#### REQUIRED ACTION
Starting at the line that contains "Cute Bear and", copy every line to the end of the material below exactly, and omit the pictures.

#### INPUT RECORDS
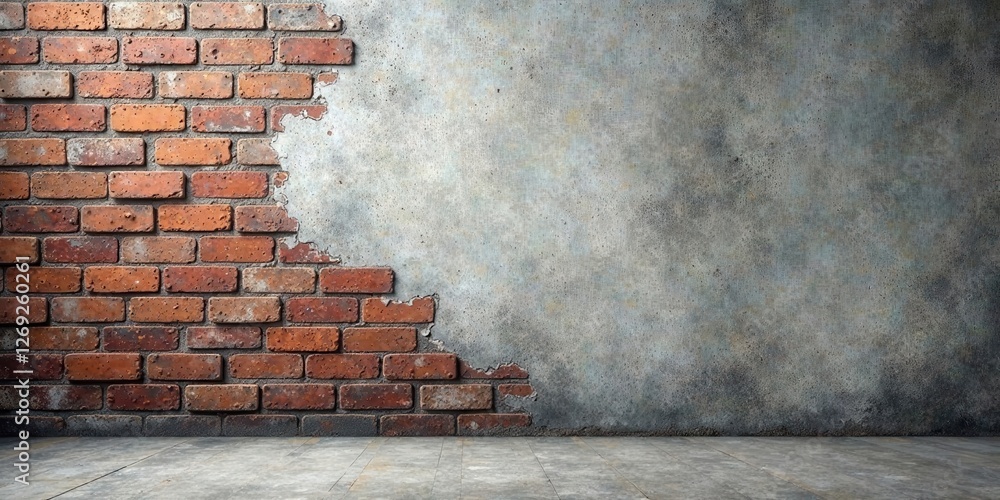 Poster Rustic Brick and Weathered Concrete Wall with Empty Floor Space Ideal for Textured Backgrounds and Design Projects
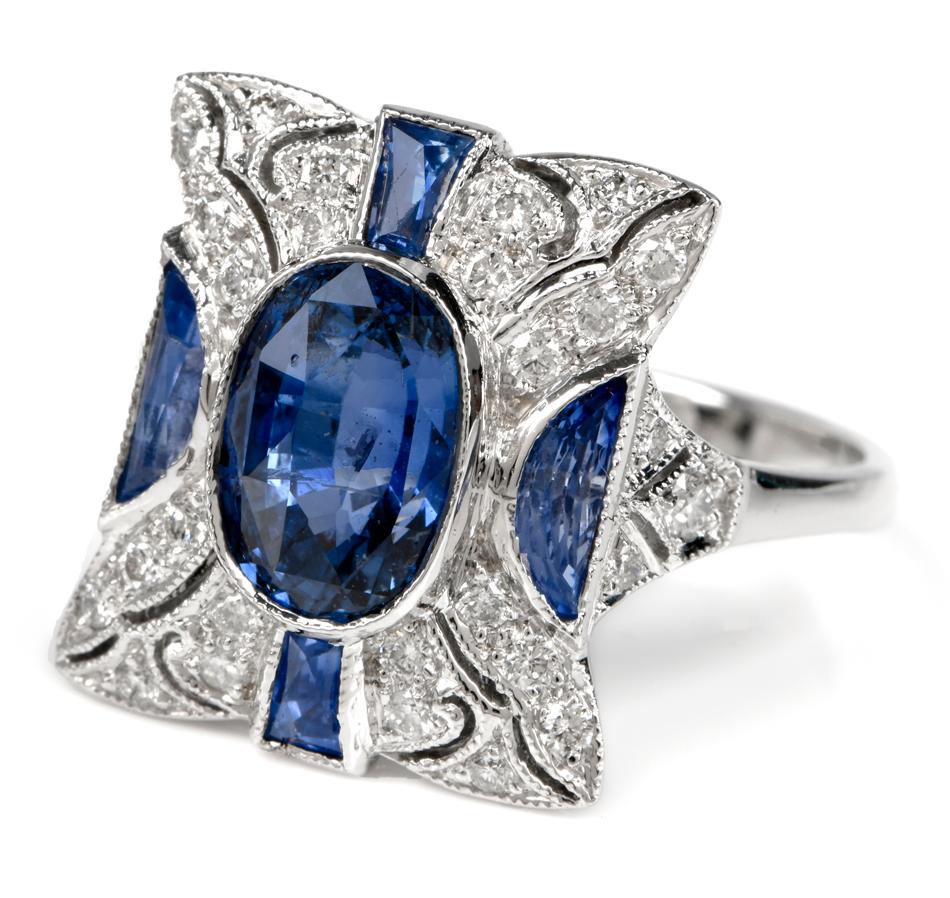 Women's or Men's Sapphire Diamond Filligree 18 Karat Gold Diamond Ring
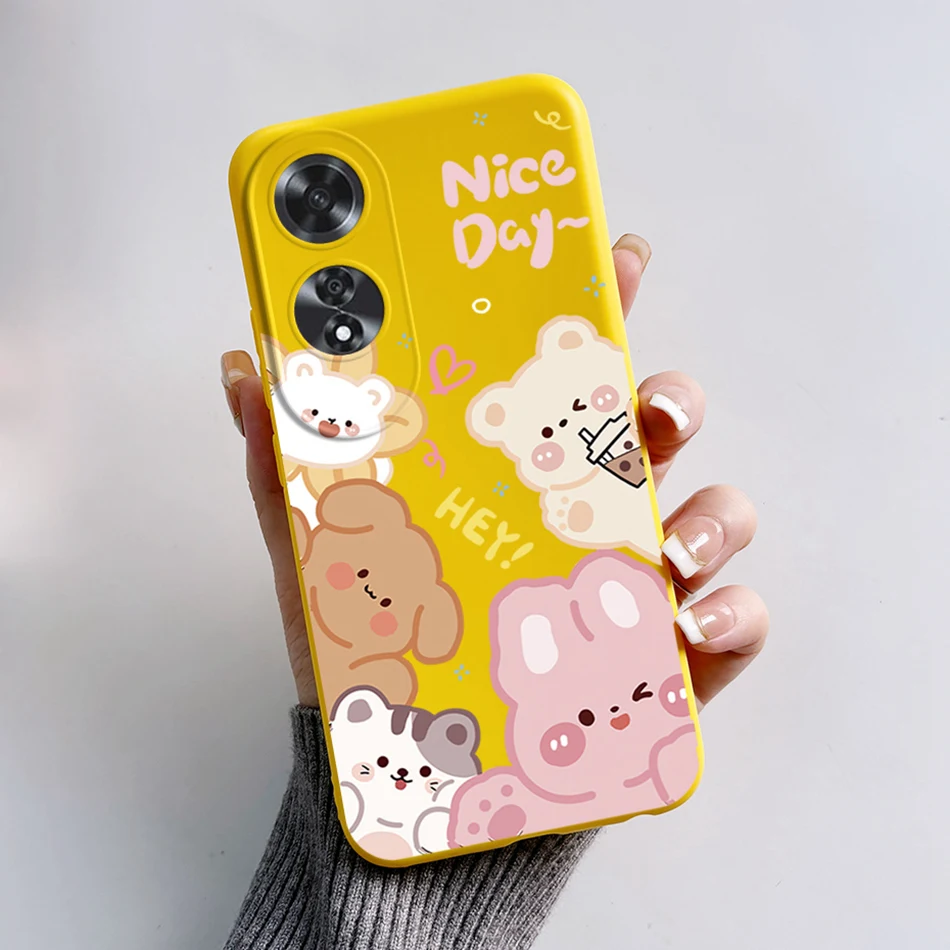 Cute Bear and Frog Cartoon Painted Shockproof Soft Silicone Back Cover Case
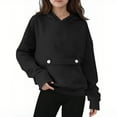 thumbnail image 2 of Cowsor Hoodies for Girls Cute Fleece Lined Crewneck Sweatshirts Fall Fashion Casual Y2K Pullover Tops, 2 of 5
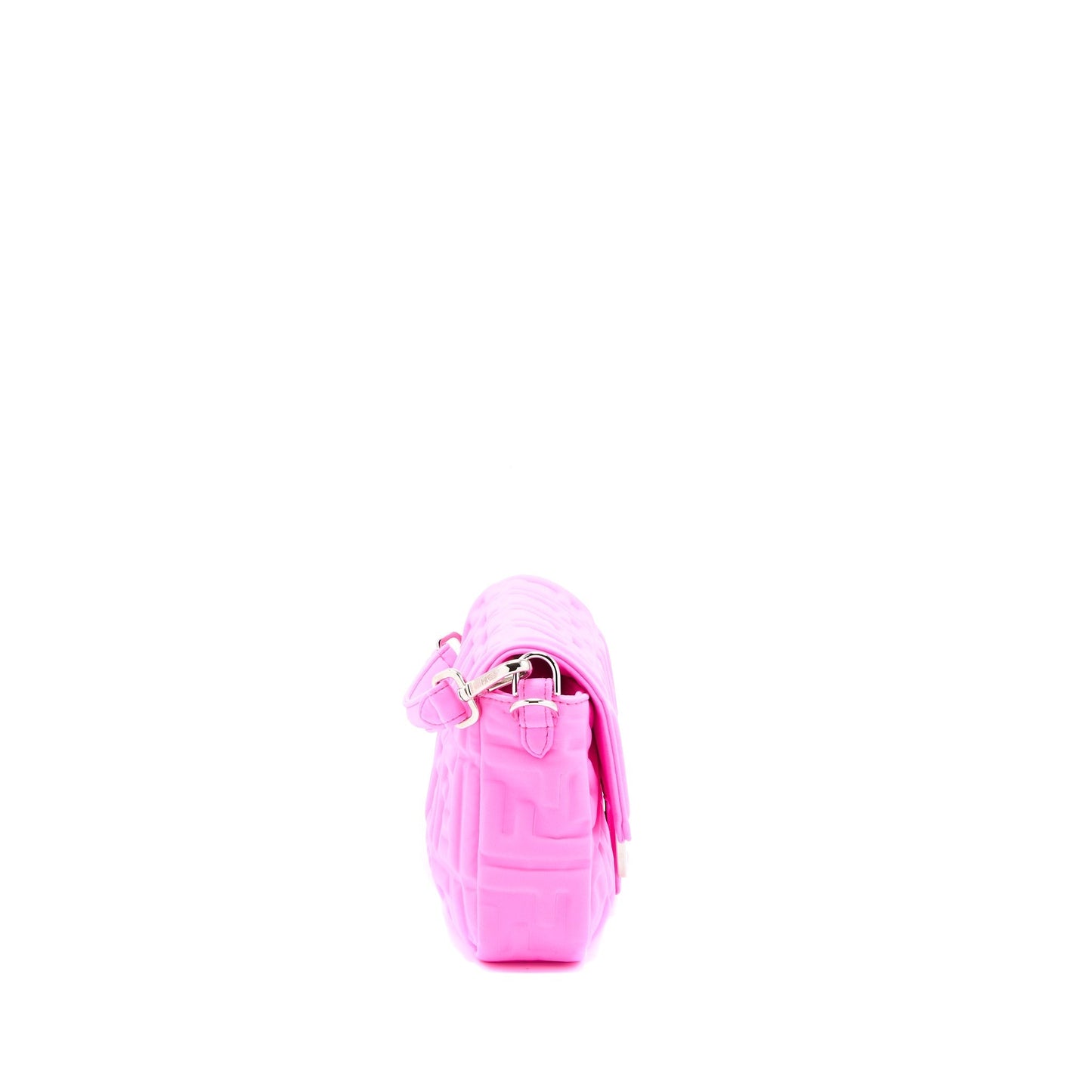 Fendi Baguette Purse Lycra Embossed Bright Pink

#### ANSWER SPACE
 Cute Bear and Frog Cartoon Painted Shockproof Soft Silicone Back Cover Case
 thumbnail image 2 of Cowsor Hoodies for Girls Cute Fleece Lined Crewneck Sweatshirts Fall Fashion Casual Y2K Pullover Tops, 2 of 5
 Fendi Baguette Purse Lycra Embossed Bright Pink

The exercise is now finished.